Il conto alla rovescia è cominciato, nel silenzio generale, lo scorso autunno. A ottobre con il XVIII Congresso del Partito comunista cambierà la squadra dirigente del gigante d’Asia per arrivare poi all’incoronazione dei nuovi presidente e premier nel marzo 2013. La lotta interna al Pcc in vista della transizione è in atto da tempo e le liti sono senza quartiere. L’epurazione di Bo Xilai, anticipata tra le righe dal primo ministro Wen Jiabao nella conferenza stampa in cui ha ribadito l’esigenza di riforme per la Cina, è solo un atto della faida tra le diverse anime del Pcc.

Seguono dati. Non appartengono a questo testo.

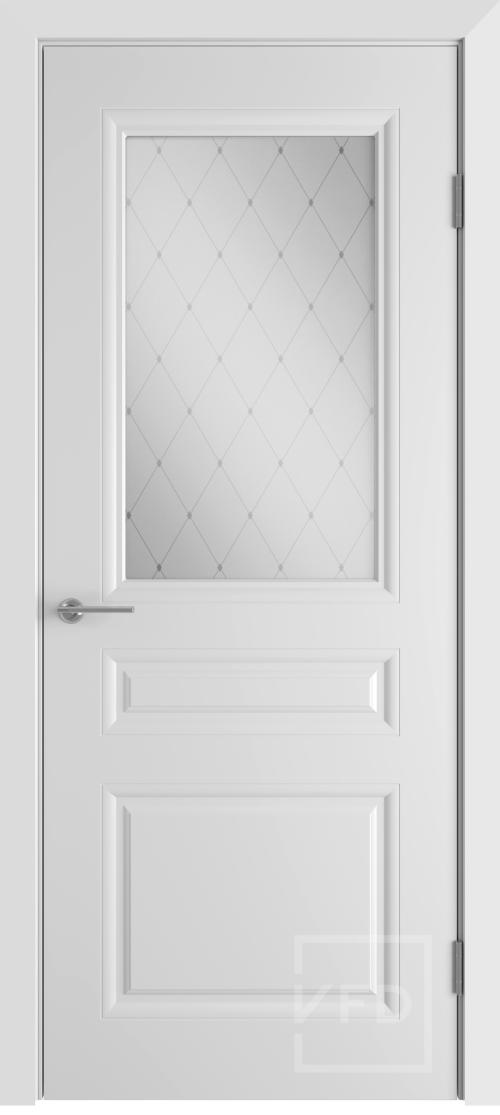Межкомнатная дверь Chelsy ПО AC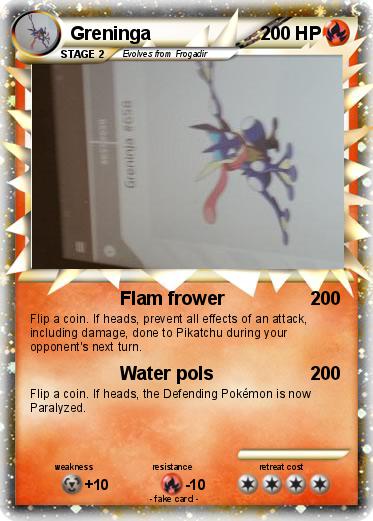 Pokemon Greninga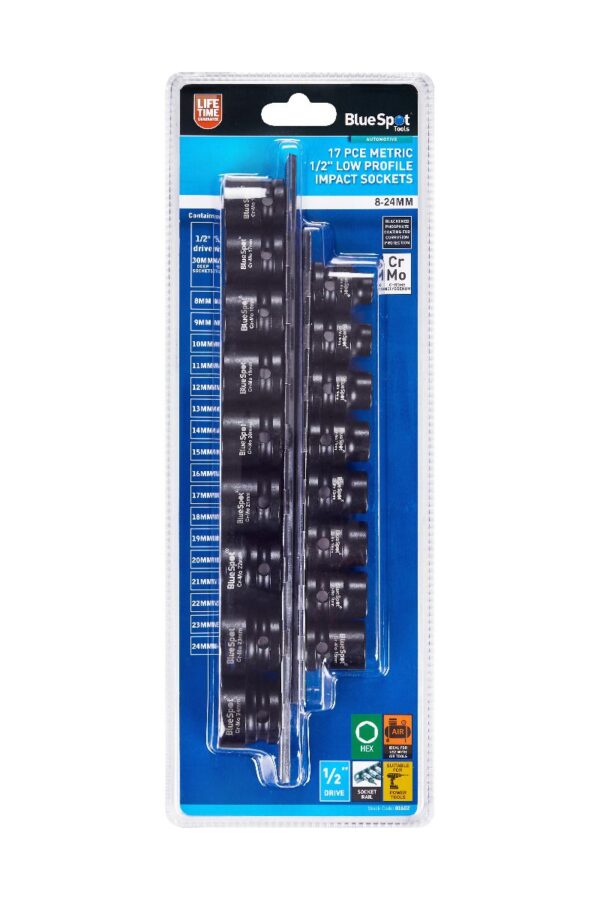 1/2 low profile sockets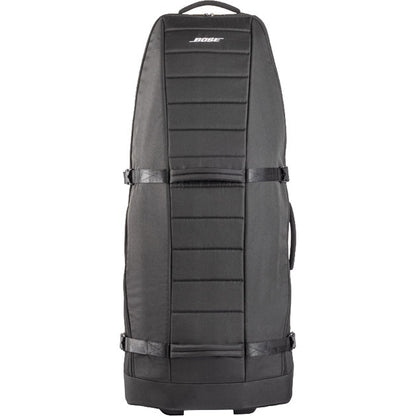 Bose L1 Pro16 System Roller Bag carry case - rear view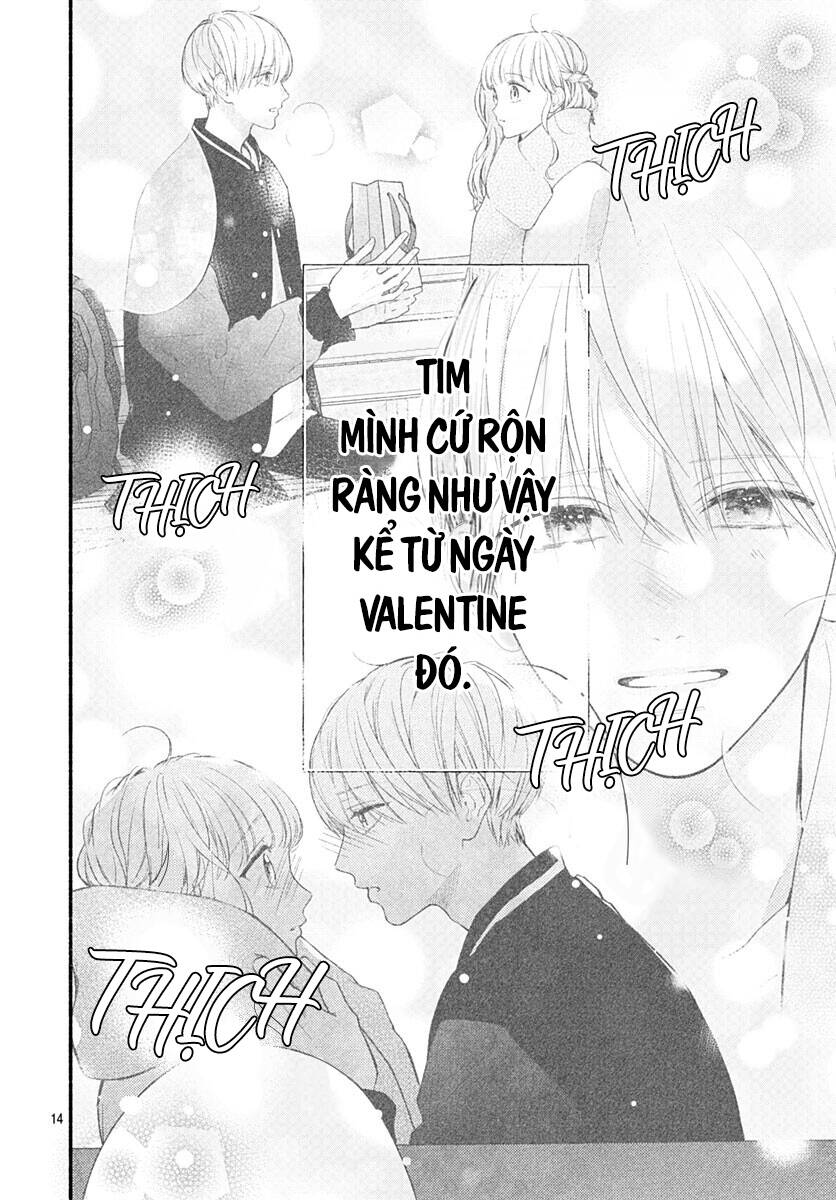 Futari De Koi Wo Suru Riyuu Chapter 54 - Trang 2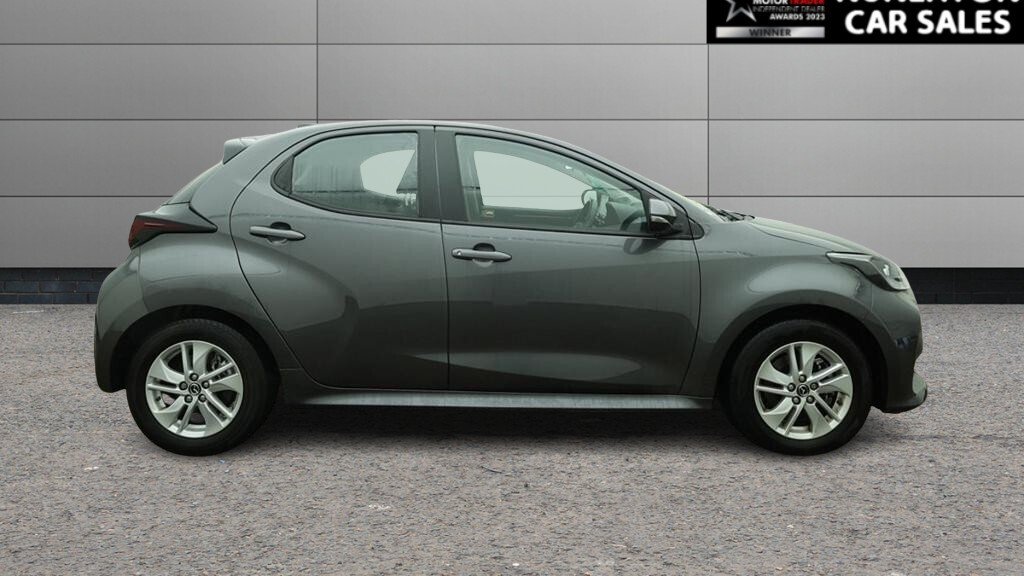 USED 2023 23 MAZDA Mazda2 HYBRID 1.5h Agile Hatchback 5dr Petrol Hybrid CVT Euro 6 (s/s) (116 ps) 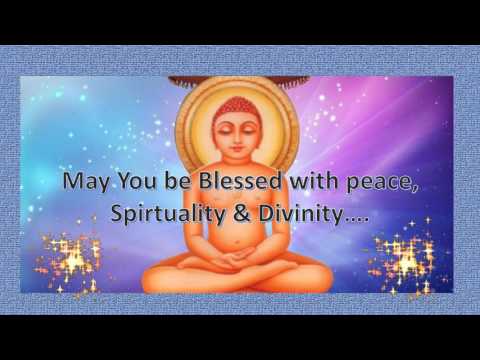 Happy Mahavir Jayanti 2016- Mahavir Jayanti wishes, Greetings,  quotes, Whatsapp Video download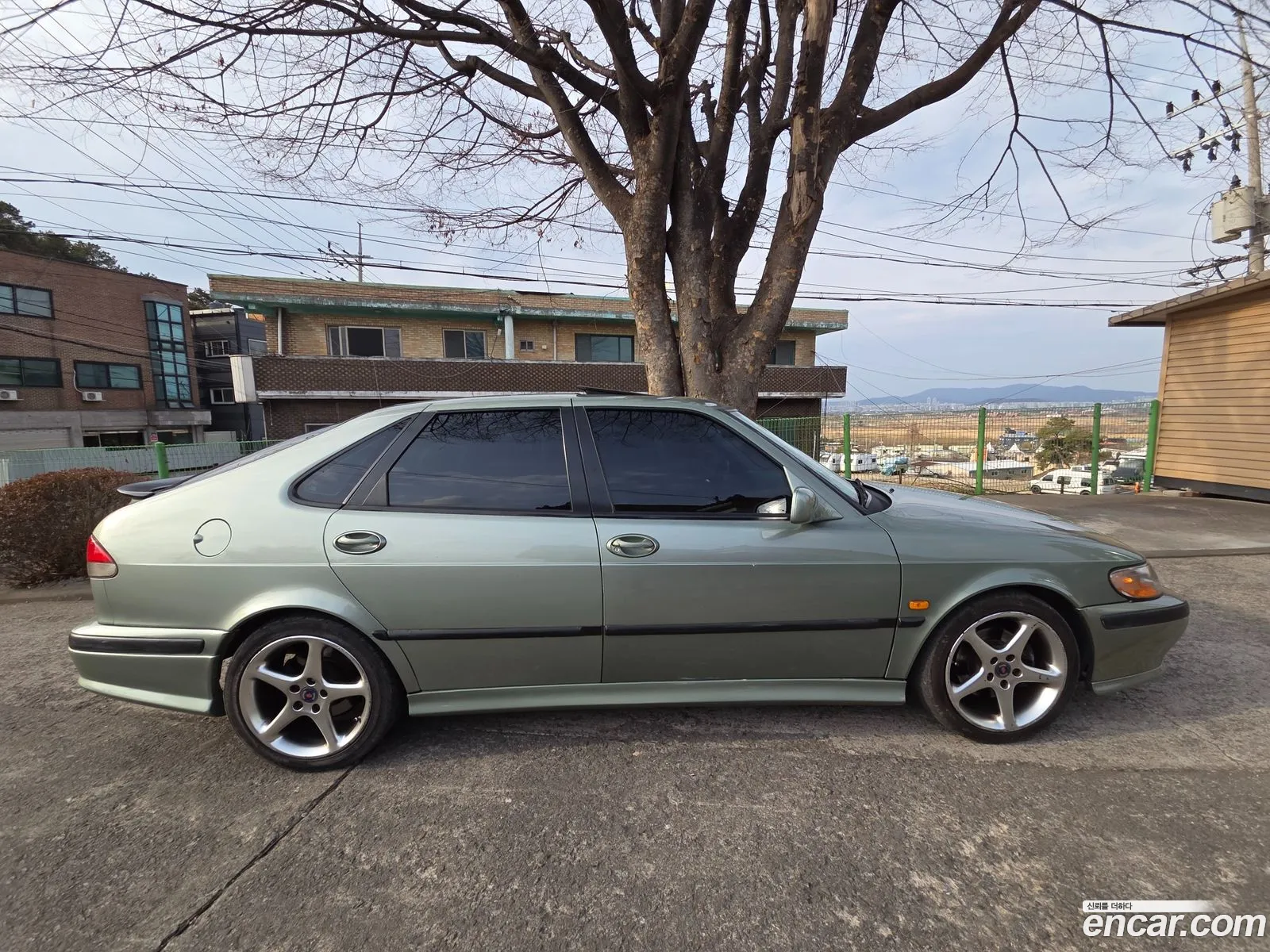 Saab 9-3 1999 — 3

Sono anime impossibili da inquadrare in categorie perché le sfumature sono infinite. Ci sono i tuanpai, che provengono dalla base del partito, dalla Lega della Gioventù comunista e che hanno nel presidente Hu Jintao il massimo esponente. E i taizi, i “principi rossi” legati a papaveri del Pcc di generazioni precedenti, come Bo e Xi Jinping, erede designato di Hu e figlio del rivoluzionario Xi Zhongxun. Ci sono fronti che si danno battaglia su diversi modelli di sviluppo. E ci sono i “riformisti”, gli angeli custodi della stabilità, i conservatori. In ballo c’è l’impostazione ideologica del partito.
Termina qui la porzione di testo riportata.